### ASSIGNMENT
Since pictures are not part of the copy, please output only the lines from the one with "Men's Long Sleeve" through the end of the data below, exactly as written.

### DATA

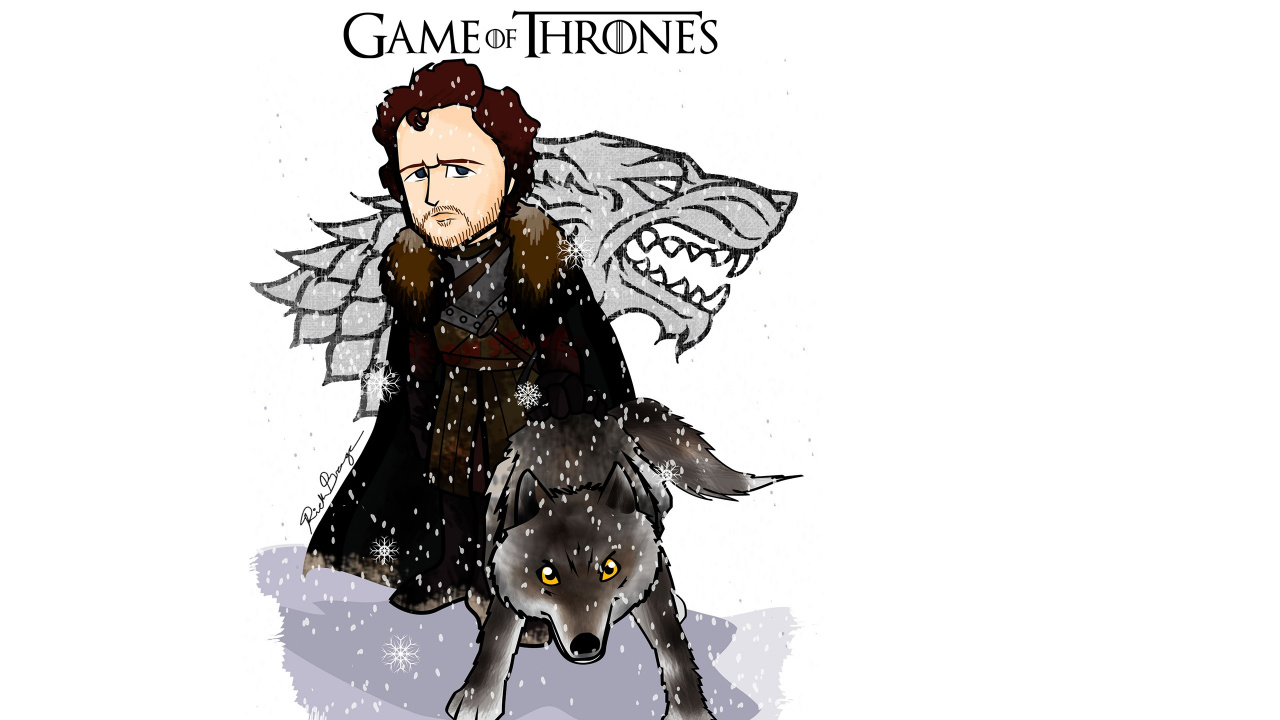 Обои Игра престолов, Робб Старк, Ричард Мэдден, мультфильм, иллюстрация в разрешении 1280x720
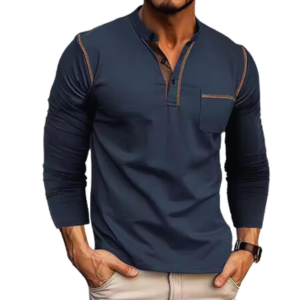 Men's Long Sleeve Foreign Trade Men's Henley T-Shirt Custom Wholesale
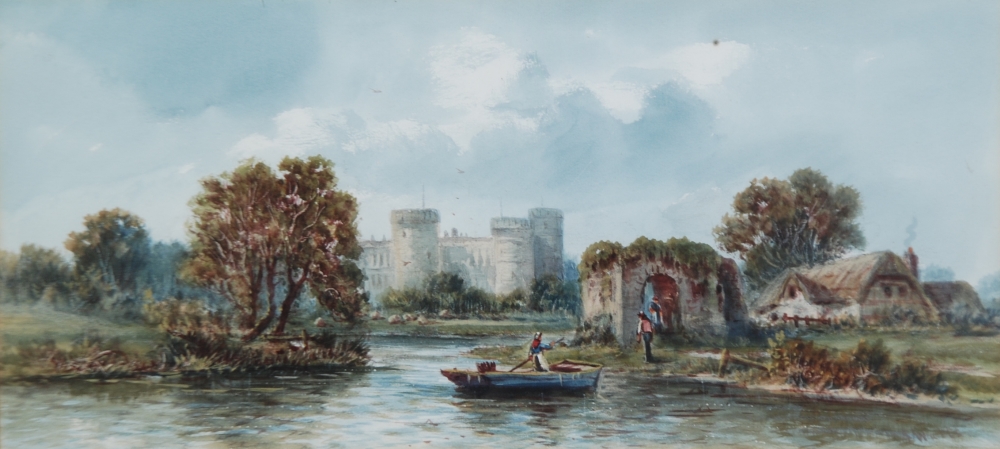 JAMES THOMAS WATTS (late 19th Century) Watercolour A river landscape with figures and castle in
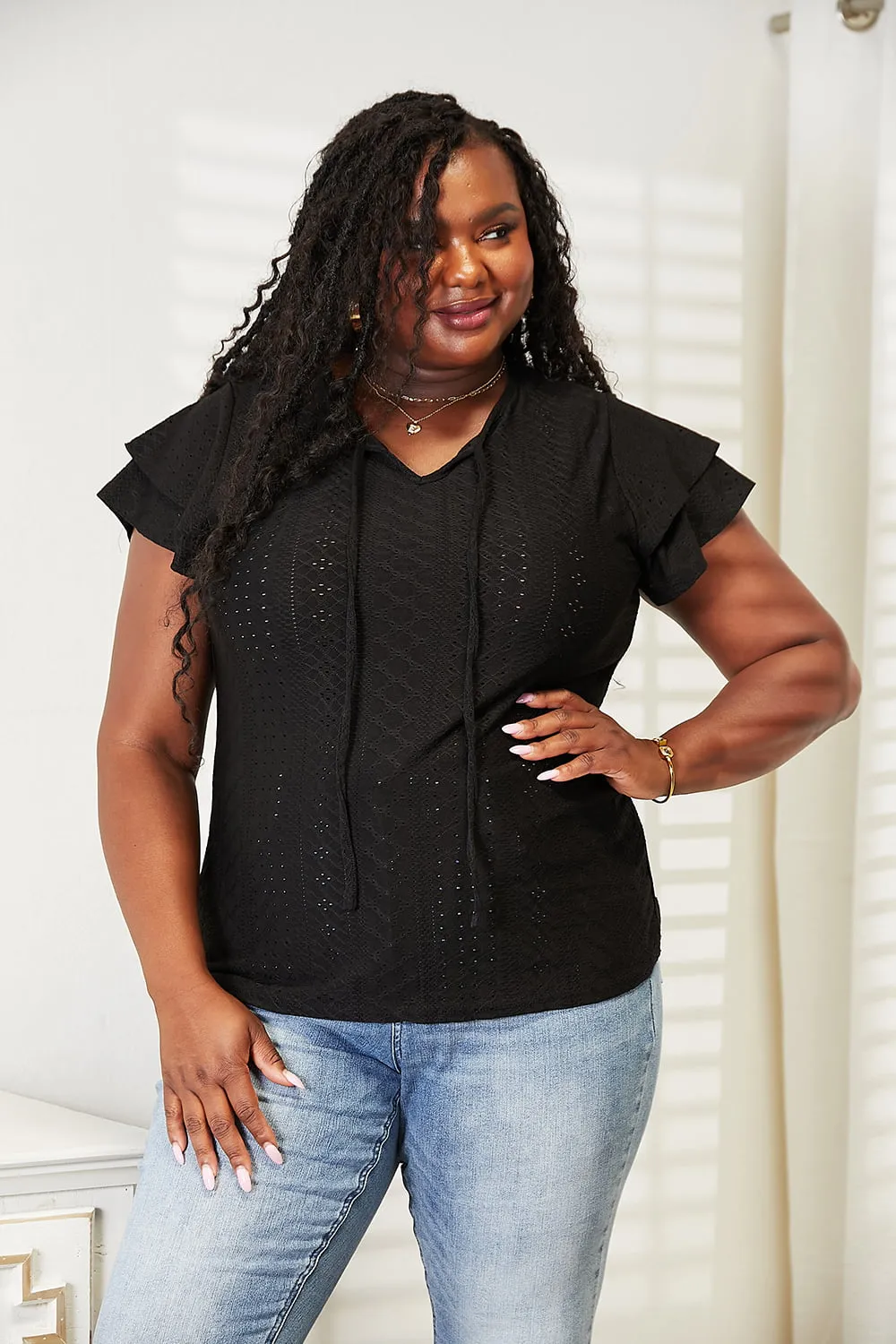 Eyelet Tie-Neck Flutter Sleeve Blouse, image 3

### REPLY
 Men's Long Sleeve Foreign Trade Men's Henley T-Shirt Custom Wholesale
 JAMES THOMAS WATTS (late 19th Century) Watercolour A river landscape with figures and castle in
 Eyelet Tie-Neck Flutter Sleeve Blouse, image 3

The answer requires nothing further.